O recurso foca-se, também, na questão das habitações permanentes, para sustentar que este fundo “teria como destino o financiamento à reabilitação, reconstrução e apetrechamento das habitações afetadas pelos incêndios” em Pedrógão Grande, Castanheira de Pera e Figueiró dos Vinhos, no distrito de Leiria, “sem restringir expressamente esse financiamento a habitações permanentes”. Assim, as não permanentes “também poderiam ser apoiadas, não sendo, no entanto, prioritárias”, mas “a regra da prioridade foi cumprida”.

No documento, de 289 páginas, o arguido, através do seu advogado Bolota Belchior, destaca, igualmente, que “nada se provou” quanto à intencionalidade de Valdemar Alves ao actuar, “nem nada se provou relativamente ao conluio e prévio acordo” deste com Bruno Gomes.

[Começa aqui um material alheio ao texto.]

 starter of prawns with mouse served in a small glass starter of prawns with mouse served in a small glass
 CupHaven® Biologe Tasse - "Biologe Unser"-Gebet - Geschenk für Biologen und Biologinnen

Sobre a suposta “motivação política” do arguido, este assinala que “a obtenção de vantagem política não constitui crime”, frisando que não causou “enriquecimento ilegítimo a ninguém, através de erro ou engano, astuciosamente provocados sobre factos”.

“Faltam todos os elementos do tipo [legal de crime] na imputação que o acórdão faz à conduta do recorrente no que respeita aos crimes de burla”, argumenta ainda, para realçar também que não está quantificado o valor em que os outros municípios ficaram prejudicados.

Referindo que o acórdão condenou Valdemar Alves “por factos que ele não praticou”, o recurso acrescenta que, a entender-se que a actuação deste “pudesse ser ilícita, então, de acordo com os factos provados, ocorreu uma única resolução (…) e, portanto, existirá apenas um crime”.

No recurso, o arguido enumera as normas jurídicas que considera violadas, incluindo a Constituição, bem como os princípios jurídicos violados, e pede que seja dado como provado que todas as habitações permanentes foram reconstruídas, que nem as populações, nem os municípios de Castanheira de Pera e Figueiró dos Vinhos, nem o Fundo Revita, foram prejudicados e que sobrou dinheiro ao Revita, sendo que o seu Conselho de Gestão ainda não lhe deu destino.

Considerando que deve ser dado provimento ao recurso, absolvendo-se Valdemar Alves, o documento ressalva que, se assim não se entender, “em última análise”, a pena de prisão deve ser suspensa.